Languages that include diacritics in speech but omit diacritics in writing to a certain degree result in written texts that are even more ambiguous than typically expected. Not including diacritics in written texts increases the number of possible word meanings and pronunciations, which poses a challenge for computational models due to increased ambiguity. The Yoruba word mu when unmarked means “drink,” but when diacritized as mù or mú means “sink” or “sharp,” respectively. As an example, in English if we omit the vowels in the word pn, the word can be read as pan, pin, pun, and pen; each has a different meaning and pronunciation.
In this dissertation, we discuss diacritic restoration models as a solution for this problem. This entails a process of automating the restoration of missing diacritics for each character in a written text in order to render the resulting text comparable to that of languages in which words are fully orthographically specified such as English. We first discuss different solutions to fully specify diacritics in written texts.
We investigate different architectures that can provide better alternatives than the current state-of-the-art architectures; we analyze their potential and limitations. We find that sequence-to-sequence classification in the context of diacritic restoration provides a better solution in some cases with the downside of generating sentences that are not of the same length as the input as well as generating words that are not a diacritic variant to the input unit (hallucination). We suggest a more efficient convolutional-based architecture yielding comparable accuracy that outperforms recurrent-based models. With both models, there is a trade-off between efficiency and accuracy.

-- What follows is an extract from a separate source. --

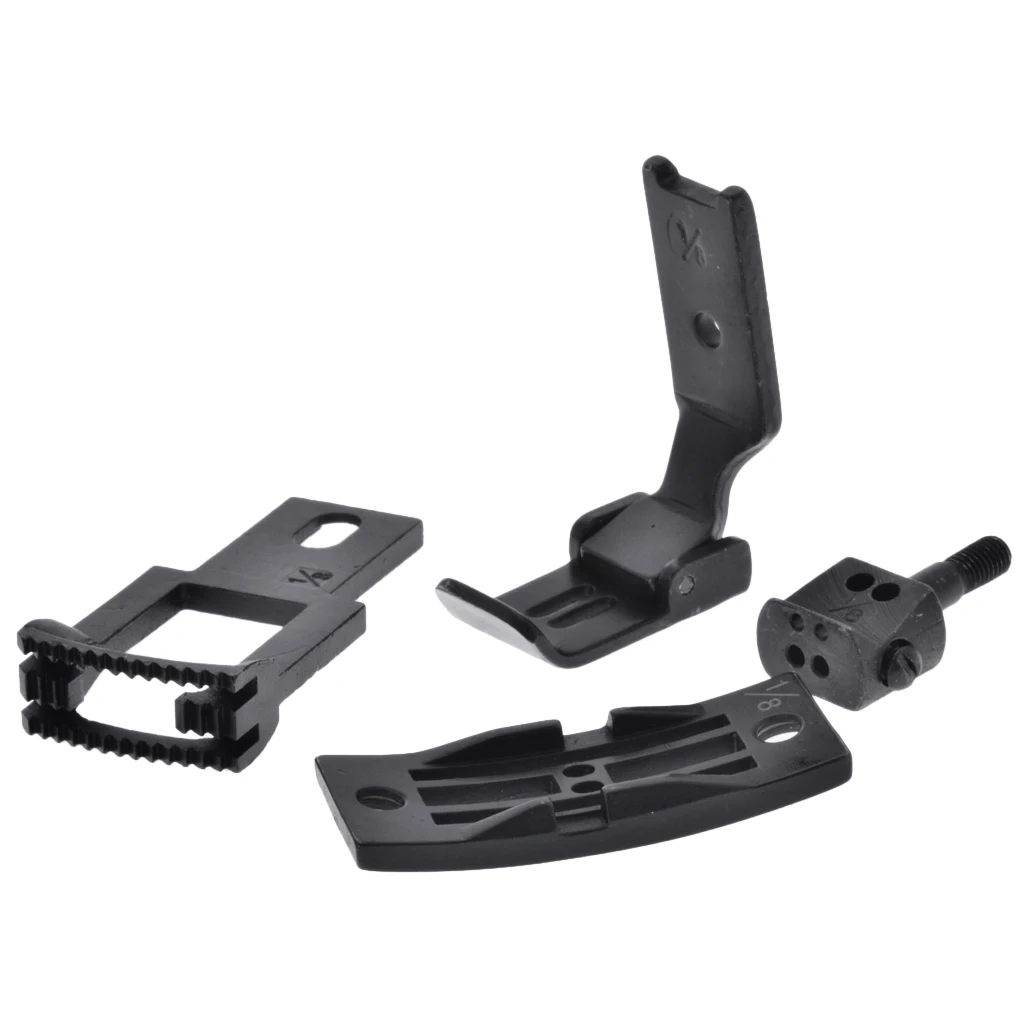 Высокая Головка 810/820 промышленные Запчасти для швейных машин и аксессуаров набор двойных игл 1/8
Высокая Головка 810/820 промышленные Запчасти для швейных машин и аксессуаров набор двойных игл 1/8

Having determined that Bidirectional Long Short Term Memory (BiLSTM) is currently the best architecture for diacritic restoration in terms of accuracy, we further investigate how to enhance its accuracy via different methods. We investigate the impact of different input and output representation for diacritic restoration to identify the optimal input unit for the task of diacritic restoration. We find that characters provide the optimal solution. We also propose a joint diacritic restoration model in which diacritics are learned along with the other linguistic features helpful for assigning appropriate diacritics. This provides a better solution for diacritic restoration.
We likewise investigate the impact of fully specifying diacritics in extrinsic evaluation. In theory, full diacritic restoration helps disambiguate homographs but in practice it results in increased sparsity (i.e. insufficient training examples for each word) and out-of-vocabulary words, which degrades the performance of downstream applications. Thus, after shedding light on different techniques that may boost the performance of full diacritic restoration, we attempt to find a sweet spot between zero and full diacritization (i.e. partial diacritization) as a replacement for full diacritization in order to reduce lexical ambiguity without increasing sparsity. Partial diacritic restoration has been theorized but never systematically addressed before. We discuss different automated techniques as a viable solution to identify partial diacritic schemes and examine whether partial diacritic restoration is beneficial on downstream applications. Although our findings are inconclusive, we build a foundation for future research on partial diacritic restoration and discuss current challenges at multiple levels.
|Advisor:||Diab, Mona T.|
|Commitee:||Youssef, Abdou, Caliskan, Aylin, Habash, Nizar, Pless, Robert|
|School:||The George Washington University|
|School Location:||United States -- District of Columbia|
|Source:||DAI-B 81/7(E), Dissertation Abstracts International|
|Keywords:||Diacritic restoration, Downstream applications|
Copyright in each Dissertation and Thesis is retained by the author. All Rights Reserved
The supplemental file or files you are about to download were provided to ProQuest by the author as part of a
dissertation or thesis. The supplemental files are provided "AS IS" without warranty. ProQuest is not responsible for the
content, format or impact on the supplemental file(s) on our system. in some cases, the file type may be unknown or
may be a .exe file. We recommend caution as you open such files.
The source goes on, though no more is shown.